By Gerhard Hope
Why are we wasting so much electricity on water heating when solar is the way to go?
The newest superlative for the MENA region is Abu Dhabi's announcement it is building the world's largest concentrated solar power (CSP) plant. The figures are suitably impressive: a total investment cost of AED 2.2 billion, and a 2.5 km2 solar field of 768 parabolic trough collectors in the desert at Madinat Zayed.
Yet at the end of the day, one has to bear in mind that Abu Dhabi has set a relatively modest target of generating 7% of its total electricity needs via renewables by 2020. Not to mention that the cost of producing electricity from Shams 1 will be three to five times the average cost of producing electricity from natural gas.
It seems that Shams 1, which will take two years to construct, is one of those ‘iconic' projects so beloved by the region. These ‘statement' projects are the last word on a particular topic, the construction industry's equivalent of a ‘shock-and-awe' tactic.
Shams 1 is ten times the size of the PV array at Masdar, lauded at its launch as the largest in the MENA region. However, the significance of the project was overshadowed when tests revealed that the dusty climate reduced the efficiency of the panels considerably. Clearly one of the aims of Shams 1 is to restore some of Masdar's tarnished glory as the region's leader in renewable energy.
While Shams 1 is impressive and cutting-edge, it is nevertheless a long-term project, as is the region's nuclear ambitions. Of more immediate concern - and, indeed, excitement - is what is happening in the solar energy sector in the UAE as a whole, which offers tremendous opportunities to the MEP industry, in turn.
It is estimated that there are anything from 30 to 50 companies offering various ‘solutions' at present. Most of these companies are new entrants, having appeared on the scene within a few brief years. (One is reminded of the old Wild West frontier of the US, where gold-rush towns found themselves besieged by prospectors. Except now the new gold seems to be sunshine.)

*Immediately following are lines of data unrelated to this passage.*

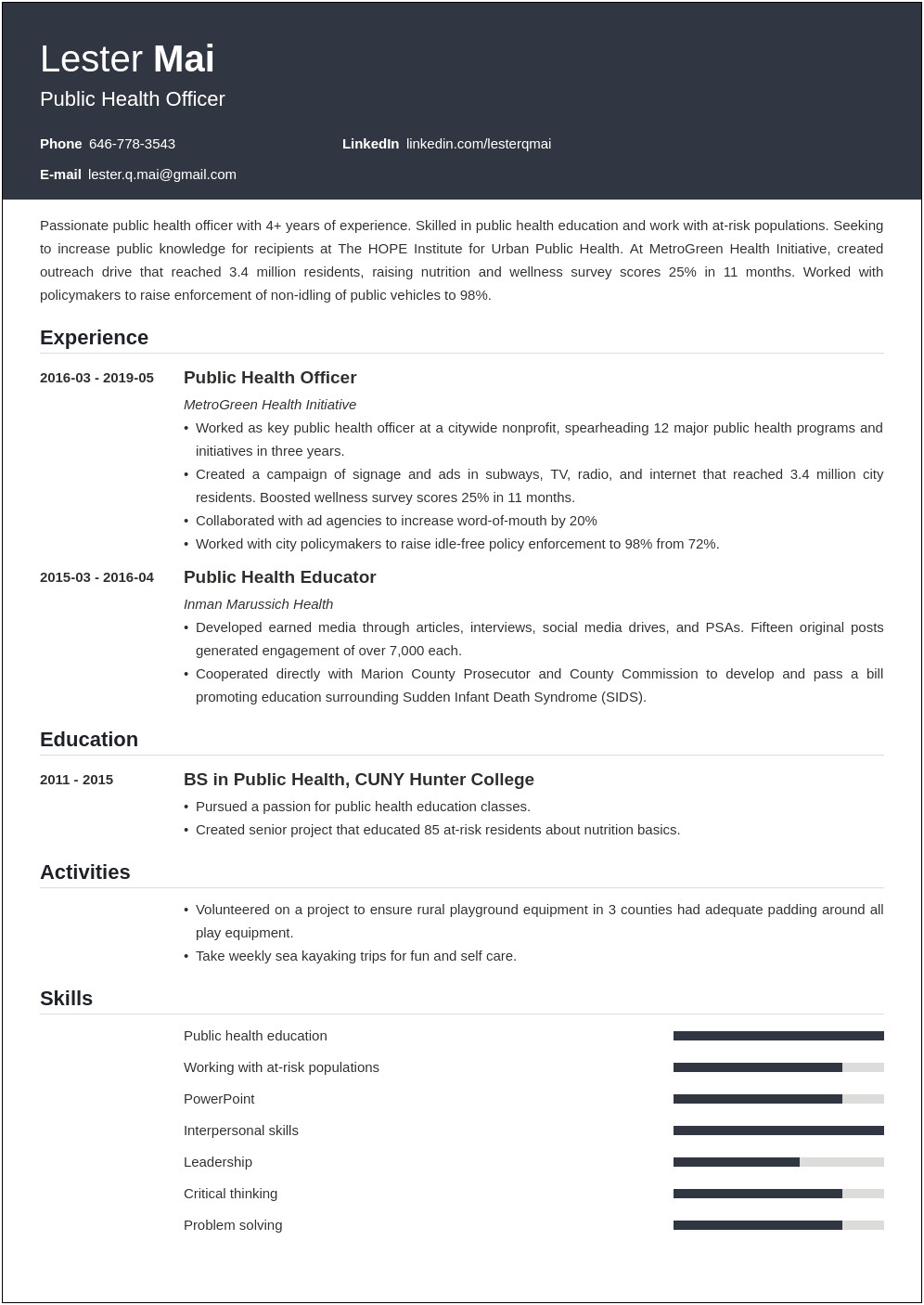 Health And Wellness Resume Objective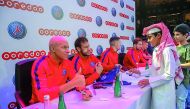 Five Paris Saint-Germain players — Neymar Jr, Kylian Mbappé, Marco Verratti, Thomas Meunier and Kevin Trapp — sign merchandise and greeting children at the camp at the Mall of Qatar. 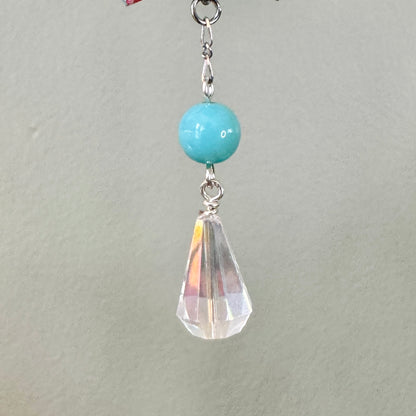 Origami Ornament #2453 - Medium Crane with Repurposed Beads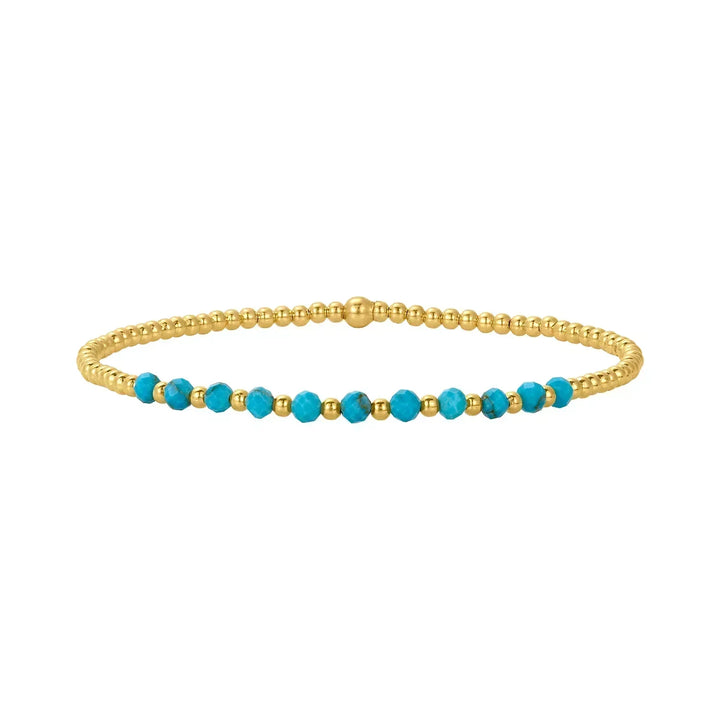 Chic Turquoise and Gold Beaded Bracelet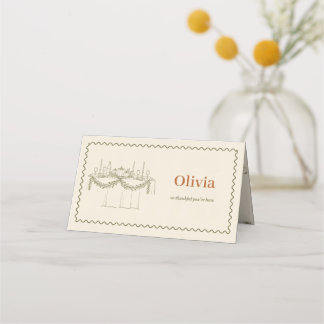 Cartão De Mesa Jantar de Ação de Graças Oliva Arte de Linha Mesa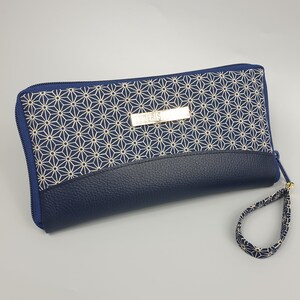 Cartera con cremallera para mujer, todo en uno, color azul Asanoha, ideal para cumpleaños, Navidad y San Valentín.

Unfortunately, the bright potential of the solar energy market has been somewhat dimmed by cheaply-imported, inferior-quality products that seem to break down as often as the sun shines. This has made it difficult for reputable suppliers to make inroads with more expensive, but far better quality, systems. Another serious problem is a lack of integration expertise and installation certification - these are both areas where the MEP industry can make a significant contribution.
Of particular interest to the solar thermal sector is the news that Dubai's new ‘green' building regulations will stipulate that solar water heating systems must be installed to provide 75% of domestic hot water requirements. Not many people realise that water heating is one of the major consumers of electricity in the region. If you look at large users like hotels and industry, the costs are even more significant.
A solar thermal collector can exploit up to 70% of the sun's energy, whereas the average sunlight-to-electricity conversion rate of a PV collector is only about 12%. Not only are the space requirements far less, but solar thermal collectors are also about five times cheaper than PV panels. Thus this niche renewables sector has a bright future, and also stands to make a contribution to energy savings and resource efficiency.
To those who question why we need hot water in the desert - well, there is a lack of awareness about solar water heating in general. Everyone expects piping hot water, even in winter, and gives little thought to the energy wastage of electric heaters. (One major MEP consultant said he believed hot water should be designed out of public restrooms, as it is a an utter waste).
So while major projects like Shams 1 get all the attention, more immediate energy savings will be through individual actions and choices. Which is food for thought the next time you have a hot shower.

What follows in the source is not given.